Today (May 31) on the Church calendar is the feast day commemorating the visit of Mary with her cousin Elizabeth.
At that time Mary got ready and hurried to a town in the hill country of Judea, where she entered Zechariah’s home and greeted Elizabeth. When Elizabeth heard Mary’s greeting, the baby leaped in her womb, and Elizabeth was filled with the Holy Spirit. In a loud voice she exclaimed: “Blessed are you among women, and blessed is the child you will bear! But why am I so favored, that the mother of my Lord should come to me? As soon as the sound of your greeting reached my ears, the baby in my womb leaped for joy. Blessed is she who has believed that the Lord would fulfill his promises to her!”
And Mary said:
“My soul glorifies the Lord
and my spirit rejoices in God my Savior,
for he has been mindful
of the humble state of his servant.
From now on all generations will call me blessed,
for the Mighty One has done great things for me—
holy is his name.
His mercy extends to those who fear him,
from generation to generation.
He has performed mighty deeds with his arm;
he has scattered those who are proud in their inmost thoughts.
He has brought down rulers from their thrones
but has lifted up the humble.
He has filled the hungry with good things
but has sent the rich away empty.
He has helped his servant Israel,
remembering to be merciful
to Abraham and his descendants forever,
just as he promised our ancestors.”
Mary stayed with Elizabeth for about three months and then returned home.
Luke is the only Gospel that mentions the visitation. It is believed Mary stayed with Elizabeth for about three months, having been told by the Angel Gabriel that Elizabeth was about three months pregnant.
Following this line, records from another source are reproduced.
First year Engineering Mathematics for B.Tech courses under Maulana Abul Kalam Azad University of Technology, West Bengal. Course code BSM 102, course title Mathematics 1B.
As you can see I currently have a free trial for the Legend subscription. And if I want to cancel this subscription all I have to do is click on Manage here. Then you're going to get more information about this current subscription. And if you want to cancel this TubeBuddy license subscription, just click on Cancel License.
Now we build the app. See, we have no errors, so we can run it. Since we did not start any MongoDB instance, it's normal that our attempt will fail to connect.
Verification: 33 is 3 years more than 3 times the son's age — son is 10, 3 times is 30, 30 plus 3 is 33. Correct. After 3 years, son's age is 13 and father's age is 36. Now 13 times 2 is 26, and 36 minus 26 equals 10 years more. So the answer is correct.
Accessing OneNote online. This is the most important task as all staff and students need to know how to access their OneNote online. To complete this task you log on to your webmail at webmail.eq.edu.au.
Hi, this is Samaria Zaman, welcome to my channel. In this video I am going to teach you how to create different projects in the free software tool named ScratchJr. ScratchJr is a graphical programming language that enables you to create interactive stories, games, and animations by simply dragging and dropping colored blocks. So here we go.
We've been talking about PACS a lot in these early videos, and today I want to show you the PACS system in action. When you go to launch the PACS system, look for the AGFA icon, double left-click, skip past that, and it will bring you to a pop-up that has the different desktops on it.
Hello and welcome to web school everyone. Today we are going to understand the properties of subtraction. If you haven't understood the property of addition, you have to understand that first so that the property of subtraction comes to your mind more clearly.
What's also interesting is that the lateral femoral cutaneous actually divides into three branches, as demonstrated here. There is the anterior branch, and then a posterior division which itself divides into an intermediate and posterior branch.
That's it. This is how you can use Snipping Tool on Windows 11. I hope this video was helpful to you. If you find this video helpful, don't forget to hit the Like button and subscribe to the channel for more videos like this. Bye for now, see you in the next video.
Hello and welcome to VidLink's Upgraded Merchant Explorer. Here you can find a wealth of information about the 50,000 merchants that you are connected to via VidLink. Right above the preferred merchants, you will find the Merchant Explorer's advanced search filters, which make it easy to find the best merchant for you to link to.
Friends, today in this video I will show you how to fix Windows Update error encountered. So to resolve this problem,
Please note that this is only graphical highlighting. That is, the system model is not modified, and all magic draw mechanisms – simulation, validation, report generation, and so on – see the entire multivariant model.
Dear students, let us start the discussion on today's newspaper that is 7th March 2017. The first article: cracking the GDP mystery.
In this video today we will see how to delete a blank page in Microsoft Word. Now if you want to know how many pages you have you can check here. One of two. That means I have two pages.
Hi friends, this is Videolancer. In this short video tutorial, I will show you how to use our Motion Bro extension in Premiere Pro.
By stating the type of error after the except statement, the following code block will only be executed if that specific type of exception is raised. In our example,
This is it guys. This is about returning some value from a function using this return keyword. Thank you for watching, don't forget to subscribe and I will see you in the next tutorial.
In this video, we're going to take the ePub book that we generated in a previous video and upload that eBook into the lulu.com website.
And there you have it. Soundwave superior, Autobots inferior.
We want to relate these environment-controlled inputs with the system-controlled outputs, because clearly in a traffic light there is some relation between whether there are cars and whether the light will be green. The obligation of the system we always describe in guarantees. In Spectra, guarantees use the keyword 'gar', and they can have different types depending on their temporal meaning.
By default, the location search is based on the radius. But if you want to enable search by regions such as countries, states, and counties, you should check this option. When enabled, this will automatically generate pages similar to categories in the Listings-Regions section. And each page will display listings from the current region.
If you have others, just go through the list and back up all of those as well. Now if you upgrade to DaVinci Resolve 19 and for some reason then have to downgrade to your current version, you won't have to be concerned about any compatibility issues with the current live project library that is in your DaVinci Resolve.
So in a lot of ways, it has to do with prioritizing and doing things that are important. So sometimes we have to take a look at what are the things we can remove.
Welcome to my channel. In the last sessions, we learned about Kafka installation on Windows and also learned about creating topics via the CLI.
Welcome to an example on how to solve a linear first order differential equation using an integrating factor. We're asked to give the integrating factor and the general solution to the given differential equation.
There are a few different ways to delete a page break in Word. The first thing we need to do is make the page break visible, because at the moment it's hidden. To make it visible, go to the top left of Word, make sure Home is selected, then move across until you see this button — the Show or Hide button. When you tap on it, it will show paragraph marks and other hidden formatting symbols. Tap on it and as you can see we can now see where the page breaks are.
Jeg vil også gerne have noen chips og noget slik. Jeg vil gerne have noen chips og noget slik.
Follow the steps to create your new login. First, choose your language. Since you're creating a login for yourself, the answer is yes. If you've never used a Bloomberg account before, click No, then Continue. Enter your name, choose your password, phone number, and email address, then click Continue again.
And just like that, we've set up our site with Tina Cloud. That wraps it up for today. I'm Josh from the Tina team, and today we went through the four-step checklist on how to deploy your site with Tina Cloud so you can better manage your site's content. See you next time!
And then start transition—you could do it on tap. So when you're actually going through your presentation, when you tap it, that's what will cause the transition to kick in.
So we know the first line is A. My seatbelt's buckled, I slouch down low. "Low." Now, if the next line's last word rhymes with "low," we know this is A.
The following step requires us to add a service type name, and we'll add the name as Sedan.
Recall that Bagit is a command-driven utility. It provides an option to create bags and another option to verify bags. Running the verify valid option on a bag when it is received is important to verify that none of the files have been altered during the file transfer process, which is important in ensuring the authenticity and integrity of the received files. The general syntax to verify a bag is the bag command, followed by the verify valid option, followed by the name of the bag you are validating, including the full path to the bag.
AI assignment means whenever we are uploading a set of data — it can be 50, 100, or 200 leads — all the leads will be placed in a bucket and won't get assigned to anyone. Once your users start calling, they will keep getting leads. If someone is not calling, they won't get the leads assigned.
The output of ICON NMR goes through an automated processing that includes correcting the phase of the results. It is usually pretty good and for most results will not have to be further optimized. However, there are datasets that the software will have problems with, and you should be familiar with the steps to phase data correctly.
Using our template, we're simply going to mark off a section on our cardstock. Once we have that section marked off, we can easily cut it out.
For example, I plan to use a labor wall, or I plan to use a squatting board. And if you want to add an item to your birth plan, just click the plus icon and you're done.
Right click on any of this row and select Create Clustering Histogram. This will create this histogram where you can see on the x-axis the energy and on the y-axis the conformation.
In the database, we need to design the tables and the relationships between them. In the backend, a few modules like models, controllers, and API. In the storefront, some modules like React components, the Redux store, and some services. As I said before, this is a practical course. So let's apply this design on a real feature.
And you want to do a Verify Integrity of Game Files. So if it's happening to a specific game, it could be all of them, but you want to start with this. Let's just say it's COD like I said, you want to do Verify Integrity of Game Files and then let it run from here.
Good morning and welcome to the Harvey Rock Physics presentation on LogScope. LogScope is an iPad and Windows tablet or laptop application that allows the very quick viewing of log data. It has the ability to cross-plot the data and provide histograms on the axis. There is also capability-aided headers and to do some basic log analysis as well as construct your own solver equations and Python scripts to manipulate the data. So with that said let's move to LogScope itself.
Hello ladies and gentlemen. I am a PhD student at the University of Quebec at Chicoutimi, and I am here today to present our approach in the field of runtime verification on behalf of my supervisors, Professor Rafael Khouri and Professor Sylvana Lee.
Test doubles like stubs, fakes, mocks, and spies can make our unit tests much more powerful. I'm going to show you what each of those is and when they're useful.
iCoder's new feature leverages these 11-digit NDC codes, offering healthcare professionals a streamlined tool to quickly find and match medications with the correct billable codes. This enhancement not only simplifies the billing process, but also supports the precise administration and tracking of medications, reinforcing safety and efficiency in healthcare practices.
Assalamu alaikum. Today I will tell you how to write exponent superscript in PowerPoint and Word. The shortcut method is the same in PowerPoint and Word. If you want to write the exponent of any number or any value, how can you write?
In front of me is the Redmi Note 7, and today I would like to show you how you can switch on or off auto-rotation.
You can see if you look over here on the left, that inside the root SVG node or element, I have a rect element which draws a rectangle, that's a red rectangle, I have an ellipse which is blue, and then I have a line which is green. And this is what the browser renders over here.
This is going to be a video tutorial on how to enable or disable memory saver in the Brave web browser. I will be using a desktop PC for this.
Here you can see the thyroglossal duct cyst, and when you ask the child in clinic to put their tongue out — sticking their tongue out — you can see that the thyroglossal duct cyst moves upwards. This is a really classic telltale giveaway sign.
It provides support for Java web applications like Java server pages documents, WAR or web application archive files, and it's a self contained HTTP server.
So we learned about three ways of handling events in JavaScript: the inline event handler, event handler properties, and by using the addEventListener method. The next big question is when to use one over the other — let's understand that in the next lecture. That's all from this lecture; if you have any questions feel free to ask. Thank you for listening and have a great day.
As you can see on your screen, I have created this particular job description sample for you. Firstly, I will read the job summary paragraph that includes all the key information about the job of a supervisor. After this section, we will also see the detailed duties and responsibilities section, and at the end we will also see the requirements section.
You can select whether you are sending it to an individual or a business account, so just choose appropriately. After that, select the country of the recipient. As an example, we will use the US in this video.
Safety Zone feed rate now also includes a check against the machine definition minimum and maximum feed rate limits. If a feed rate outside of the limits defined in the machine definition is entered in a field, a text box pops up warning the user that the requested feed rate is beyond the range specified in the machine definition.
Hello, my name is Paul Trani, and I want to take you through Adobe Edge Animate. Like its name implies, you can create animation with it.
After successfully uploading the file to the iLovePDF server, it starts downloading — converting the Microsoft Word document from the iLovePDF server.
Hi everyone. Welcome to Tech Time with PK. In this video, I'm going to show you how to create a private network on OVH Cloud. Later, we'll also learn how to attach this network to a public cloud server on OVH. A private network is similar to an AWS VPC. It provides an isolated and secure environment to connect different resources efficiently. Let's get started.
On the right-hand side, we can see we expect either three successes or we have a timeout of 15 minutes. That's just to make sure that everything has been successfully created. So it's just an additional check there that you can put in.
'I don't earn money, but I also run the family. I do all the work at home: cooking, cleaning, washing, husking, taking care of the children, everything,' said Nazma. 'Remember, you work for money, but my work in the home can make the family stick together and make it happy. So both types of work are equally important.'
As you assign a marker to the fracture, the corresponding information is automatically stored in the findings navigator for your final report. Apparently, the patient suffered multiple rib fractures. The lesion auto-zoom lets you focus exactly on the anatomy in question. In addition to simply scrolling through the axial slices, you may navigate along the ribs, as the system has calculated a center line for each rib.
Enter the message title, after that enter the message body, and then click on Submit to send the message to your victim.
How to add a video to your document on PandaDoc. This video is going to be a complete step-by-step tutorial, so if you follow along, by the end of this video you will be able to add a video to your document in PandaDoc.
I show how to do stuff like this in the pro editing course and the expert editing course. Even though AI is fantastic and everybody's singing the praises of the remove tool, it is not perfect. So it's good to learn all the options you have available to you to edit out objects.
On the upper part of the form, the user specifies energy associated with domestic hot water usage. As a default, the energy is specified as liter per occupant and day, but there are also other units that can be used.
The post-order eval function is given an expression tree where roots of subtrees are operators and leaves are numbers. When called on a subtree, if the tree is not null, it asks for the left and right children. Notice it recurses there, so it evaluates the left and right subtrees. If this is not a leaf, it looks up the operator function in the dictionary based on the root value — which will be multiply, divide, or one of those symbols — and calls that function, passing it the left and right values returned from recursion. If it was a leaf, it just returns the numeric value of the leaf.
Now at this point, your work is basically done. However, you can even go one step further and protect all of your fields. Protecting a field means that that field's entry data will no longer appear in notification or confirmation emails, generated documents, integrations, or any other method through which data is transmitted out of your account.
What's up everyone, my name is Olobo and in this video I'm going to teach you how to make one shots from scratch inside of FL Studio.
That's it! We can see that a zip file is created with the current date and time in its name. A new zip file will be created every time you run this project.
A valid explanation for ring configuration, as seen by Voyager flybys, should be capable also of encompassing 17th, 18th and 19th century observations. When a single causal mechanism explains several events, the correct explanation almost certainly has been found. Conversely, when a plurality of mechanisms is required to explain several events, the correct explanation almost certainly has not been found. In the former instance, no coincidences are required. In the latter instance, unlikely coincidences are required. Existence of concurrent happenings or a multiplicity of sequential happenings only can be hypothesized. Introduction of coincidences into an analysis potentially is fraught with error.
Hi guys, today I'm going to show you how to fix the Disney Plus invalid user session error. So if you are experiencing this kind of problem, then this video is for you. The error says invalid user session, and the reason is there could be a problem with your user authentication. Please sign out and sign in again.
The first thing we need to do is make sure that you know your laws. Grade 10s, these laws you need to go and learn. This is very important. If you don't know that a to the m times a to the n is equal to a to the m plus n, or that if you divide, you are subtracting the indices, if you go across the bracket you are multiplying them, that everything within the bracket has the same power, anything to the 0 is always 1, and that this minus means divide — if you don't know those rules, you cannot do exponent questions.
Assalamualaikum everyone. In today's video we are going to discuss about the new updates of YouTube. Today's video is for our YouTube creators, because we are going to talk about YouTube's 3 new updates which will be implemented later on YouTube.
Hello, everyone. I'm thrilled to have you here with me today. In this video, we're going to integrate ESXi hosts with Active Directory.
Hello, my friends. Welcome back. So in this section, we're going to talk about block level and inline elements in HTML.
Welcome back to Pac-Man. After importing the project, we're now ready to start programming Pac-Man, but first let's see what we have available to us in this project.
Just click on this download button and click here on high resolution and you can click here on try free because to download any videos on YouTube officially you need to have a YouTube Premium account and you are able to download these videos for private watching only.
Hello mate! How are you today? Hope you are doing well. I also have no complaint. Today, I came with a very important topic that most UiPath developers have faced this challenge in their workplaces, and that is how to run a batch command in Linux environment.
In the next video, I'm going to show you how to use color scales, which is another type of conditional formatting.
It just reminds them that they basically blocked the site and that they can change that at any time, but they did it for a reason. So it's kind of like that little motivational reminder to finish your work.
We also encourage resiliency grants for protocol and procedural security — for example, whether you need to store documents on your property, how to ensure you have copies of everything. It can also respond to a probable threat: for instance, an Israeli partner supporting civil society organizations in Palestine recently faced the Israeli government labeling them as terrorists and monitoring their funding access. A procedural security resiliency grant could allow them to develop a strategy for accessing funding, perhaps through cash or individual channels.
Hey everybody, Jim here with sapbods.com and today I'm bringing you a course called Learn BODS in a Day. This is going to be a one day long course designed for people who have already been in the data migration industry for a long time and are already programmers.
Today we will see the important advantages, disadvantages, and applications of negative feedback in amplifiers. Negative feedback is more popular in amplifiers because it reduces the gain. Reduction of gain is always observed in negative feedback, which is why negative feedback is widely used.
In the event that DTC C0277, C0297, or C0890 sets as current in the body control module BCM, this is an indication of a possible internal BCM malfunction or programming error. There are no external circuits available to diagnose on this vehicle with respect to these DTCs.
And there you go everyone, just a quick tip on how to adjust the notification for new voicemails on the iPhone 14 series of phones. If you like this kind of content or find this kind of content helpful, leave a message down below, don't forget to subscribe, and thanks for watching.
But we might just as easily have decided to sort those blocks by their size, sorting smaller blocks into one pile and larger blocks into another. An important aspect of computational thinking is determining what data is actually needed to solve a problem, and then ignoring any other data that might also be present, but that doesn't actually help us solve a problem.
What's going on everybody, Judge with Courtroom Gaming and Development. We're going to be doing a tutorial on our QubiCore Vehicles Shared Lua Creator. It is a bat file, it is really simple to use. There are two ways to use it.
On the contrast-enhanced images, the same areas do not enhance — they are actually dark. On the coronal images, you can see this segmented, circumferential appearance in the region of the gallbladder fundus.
The earliest records of the feast are with the Franciscan Chapter’s adoptionin 1263 as recommended by St. Boniface. Until the revision of the Roman calendar in 1969, the Visitation was celebrated on July 2. Pope Paul VI moved the celebration to May 31 in order that it would fall between the feasts of the Annunciation and the Birth of St. John the Baptist. In some Anglican traditions it is a day of commemoration and not a feast day.